Nuova iniziativa annunciata da Genova Antifascista, che per sabato 7 marzo alle 15.30 ha convocato un presidio in piazza Alimonda per un "attacchinaggio ad alta intensità" contro la sede cittadina di CasaPound
L’invito arriva attraverso un messaggio diffuso sui canali social del collettivo, in cui si fa riferimento alle polemiche seguite all’attacchinaggio di due settimane fa. "Vi abbiamo lasciato mugugnare per l’attacchinaggio di due settimane fa, vi abbiamo lasciato gridare allo scandalo per aver coperto pubblicità di multinazionali che sono il braccio diretto dei padroni che sottopagano i lavoratori costringendoli spesso in condizioni di lavoro disumane, ce ne siamo pure stati quando qualcuno chiedeva di multarci per tutti quei volantini… ma abbiamo deciso di dare retta solo a coloro i quali a gran voce, e per fortuna sono sempre di più, ci chiedono di continuare a combattere affinché quella sede fascista venga chiusa".
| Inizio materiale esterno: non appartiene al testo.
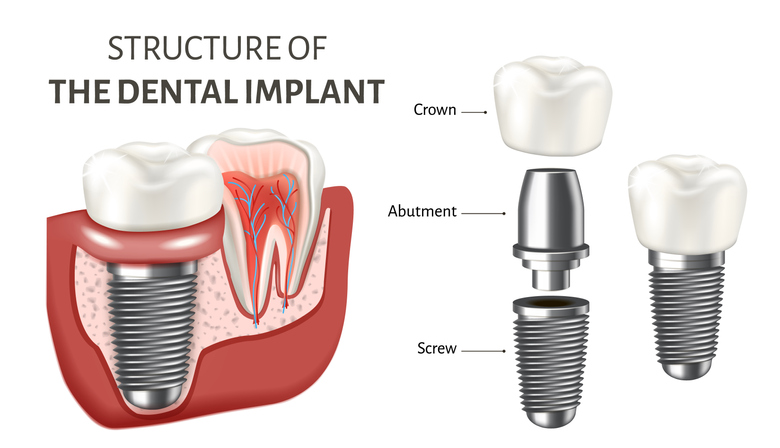 Structure of Dental Implants Graphic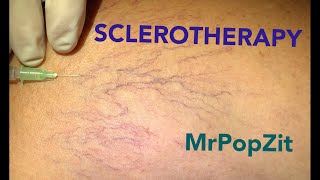 Common procedure I perform. Sclerotherapy collapses small vessels and reduces the red appearance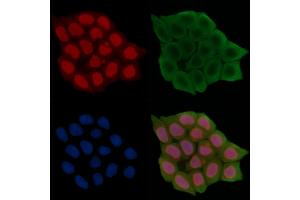 Phospho-MAP3K4 (Ser499) Antibody staining Hela cells(45 min of heat-shock treatment) by IF/ICC. (MAP3K4 抗体  (pSer499))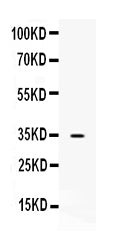 Anti-NAT1 Antibody Picoband®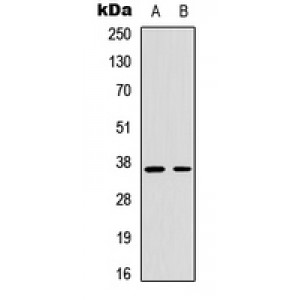 LifeSab™ Cyclin H (pT315) Rabbit pAb (50 µl)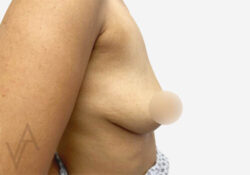 Breast Augmentation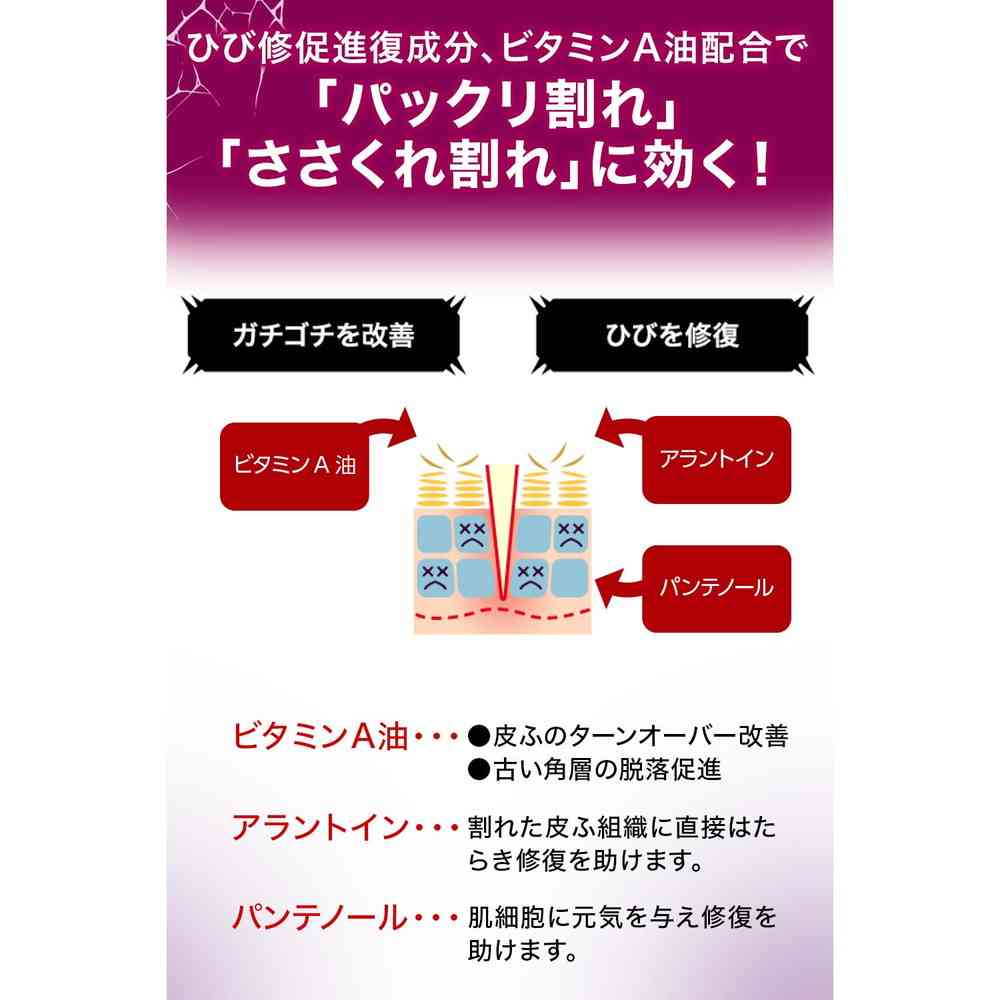 【第3類医薬品】ヒビケアFT軟膏 20g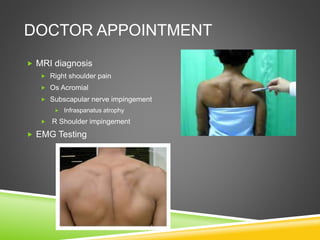 DOCTOR APPOINTMENT 
 MRI diagnosis 
 Right shoulder pain 
 Os Acromial 
 Subscapular nerve impingement 
 Infraspanatus atrophy 
 R Shoulder impingement 
 EMG Testing 
 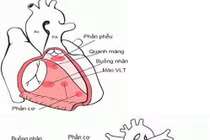 Chẩn đoán trước sinh phát hiện bệnh thông liên thất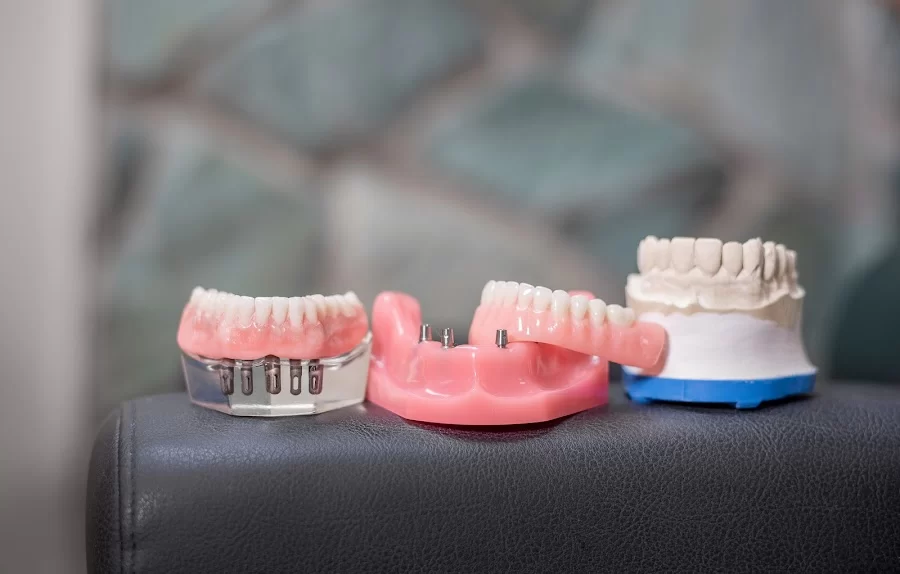 Mercer Island Dental - Invisalign and Sleep Apnea Dentist Picture 4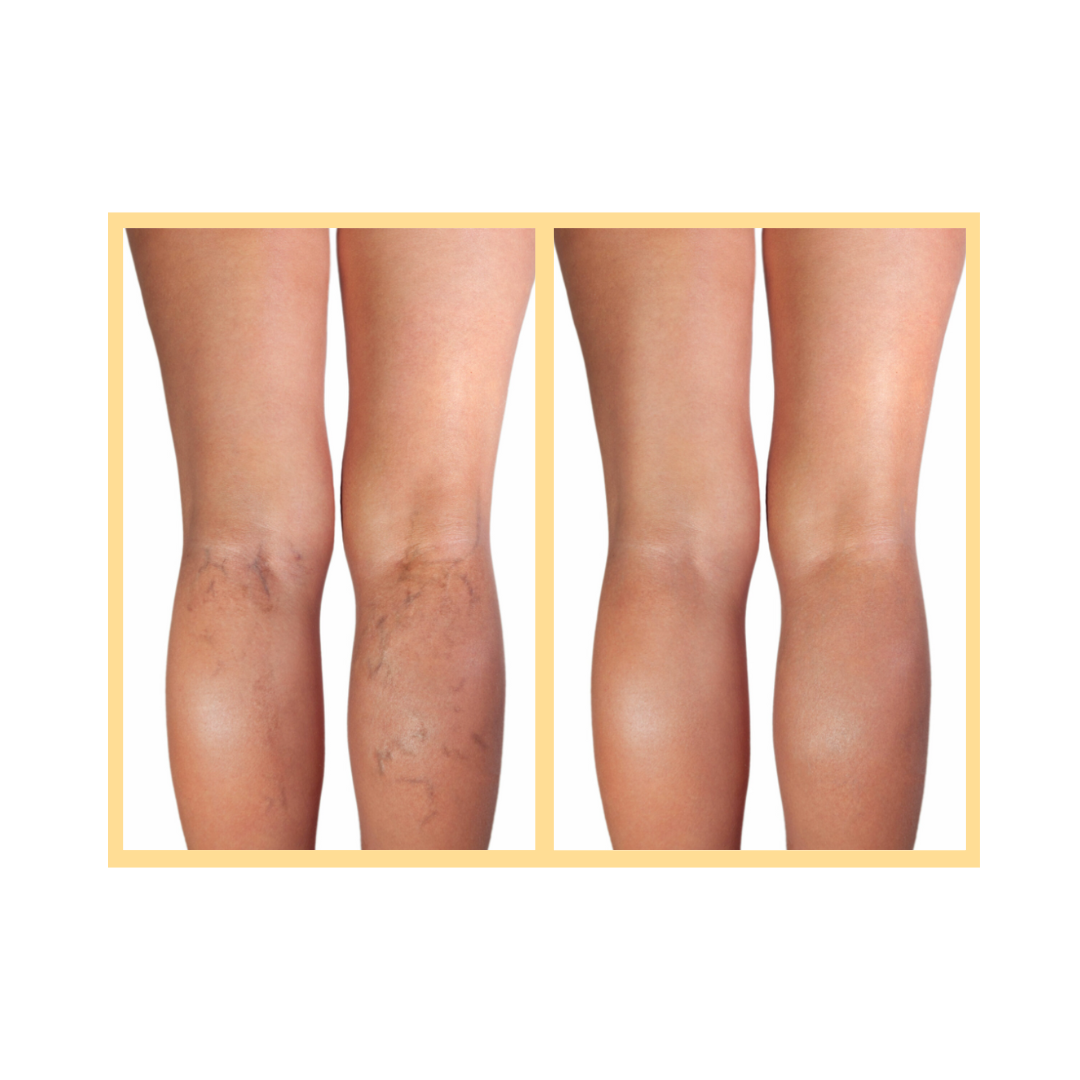 Spider Vein and Varicose Vein Treatment in Aurora, IL and Downtown Batavia, IL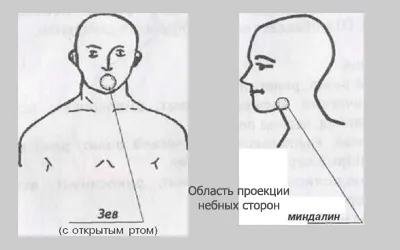 лечение на хроничен тонзилит Bioptron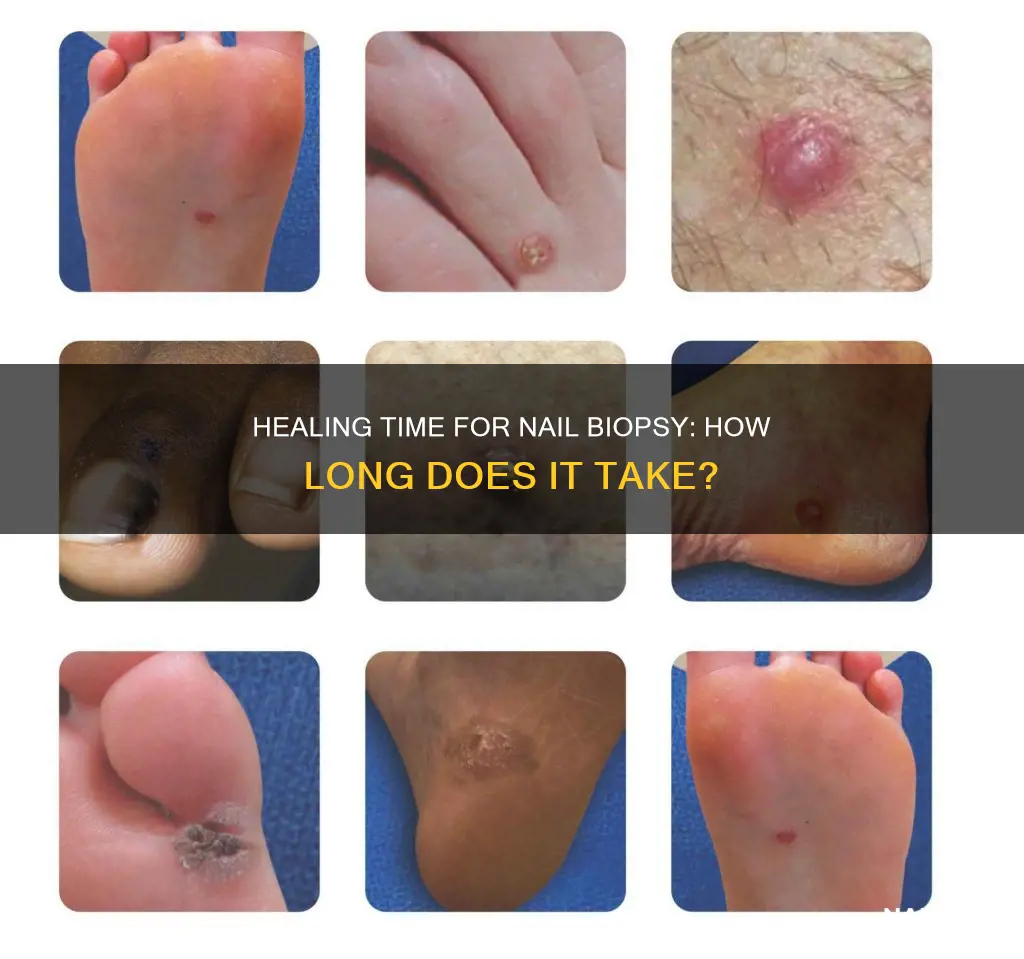 how long for nail biopsy to heal
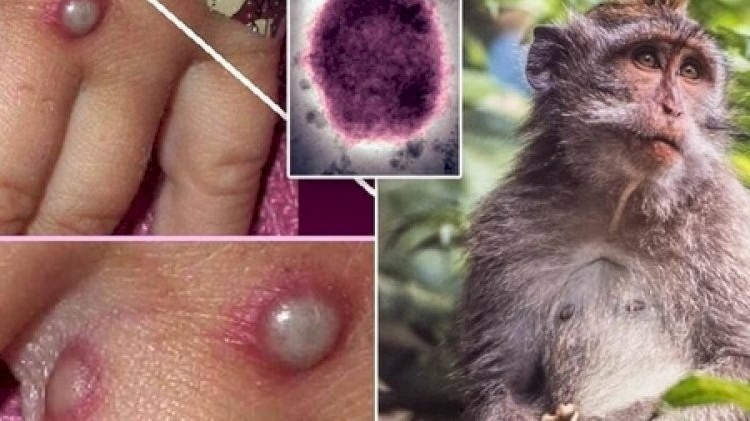 Bu virus dünyaya yayılsa... - Dəhşətli FAKTLAR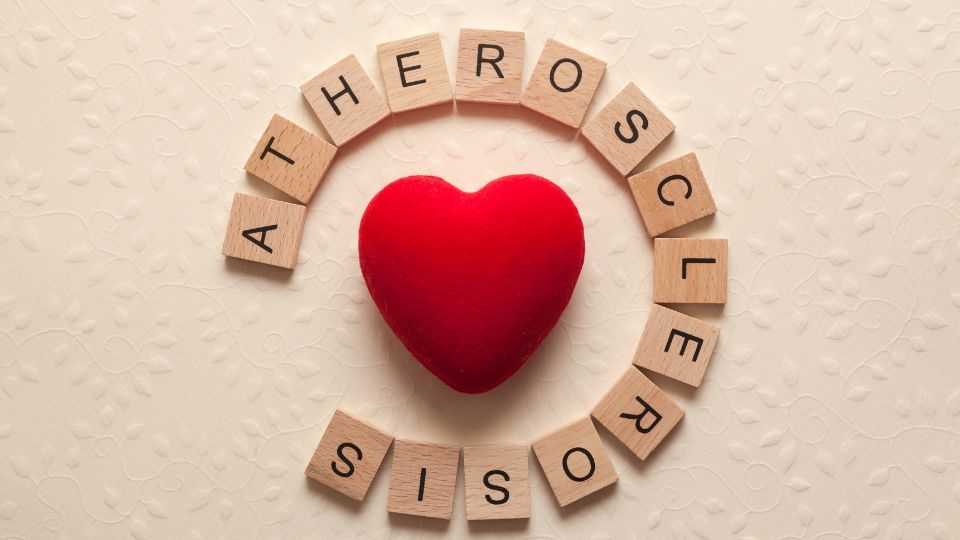 Atherosclerosis: Causes, Symptoms, Treatment And Prevention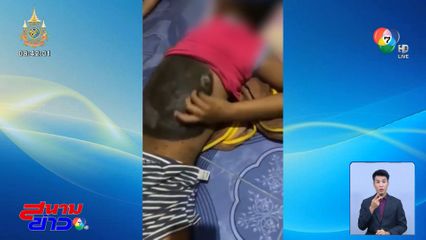 เด็กชายป่วย โรคไฝยักษ์ ได้รับการรักษาฟรี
Il collettivo rilancia quindi la richiesta di chiusura della sede genovese del movimento di estrema destra: "Casapound a Genova deve sparire. Chiudiamogli la sede. Combattiamo la paura, distruggiamo il fascismo".
L’appuntamento è fissato per sabato pomeriggio in piazza Alimonda, luogo simbolico della città e già teatro di altre mobilitazioni antifasciste. Non sono al momento state comunicate ulteriori modalità organizzative, ma l’iniziativa si inserisce nel solco delle recenti manifestazioni contro la presenza di CasaPound sul territorio cittadino.